> **Supplied material**:

────────────────────────────────────────

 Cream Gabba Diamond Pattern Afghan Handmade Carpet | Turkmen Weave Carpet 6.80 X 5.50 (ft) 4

────────────────────────────────────────

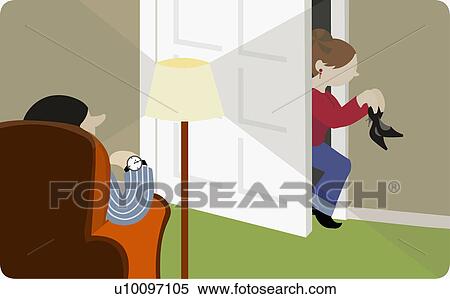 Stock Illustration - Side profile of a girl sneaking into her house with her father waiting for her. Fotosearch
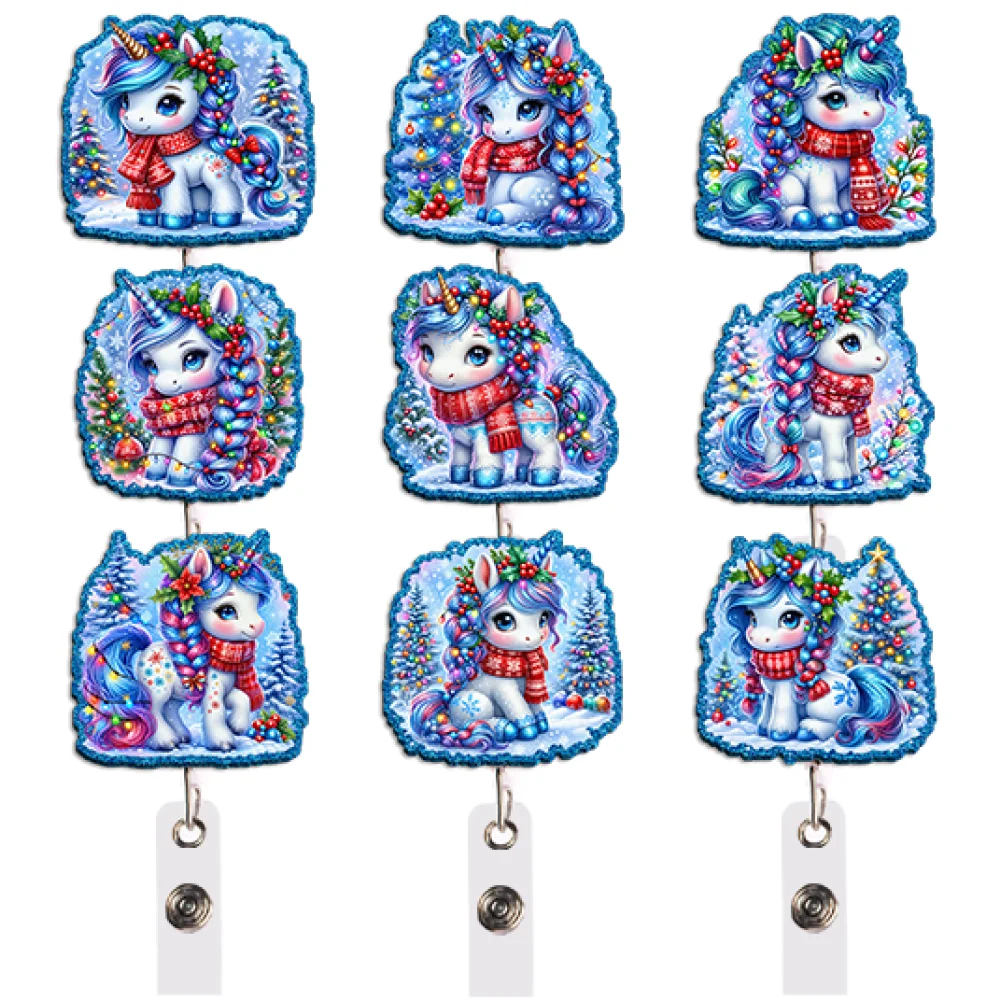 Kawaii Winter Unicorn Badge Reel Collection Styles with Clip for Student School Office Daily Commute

────────────────────────────────────────

> **Task goal**: Above are some records. Reproduce the lines from the one with "Stock Illustration - Side" down to the one with "Kawaii Winter Unicorn", keeping both, and leave every picture out.

> **Your solution**:
 Stock Illustration - Side profile of a girl sneaking into her house with her father waiting for her. Fotosearch
 Kawaii Winter Unicorn Badge Reel Collection Styles with Clip for Student School Office Daily Commute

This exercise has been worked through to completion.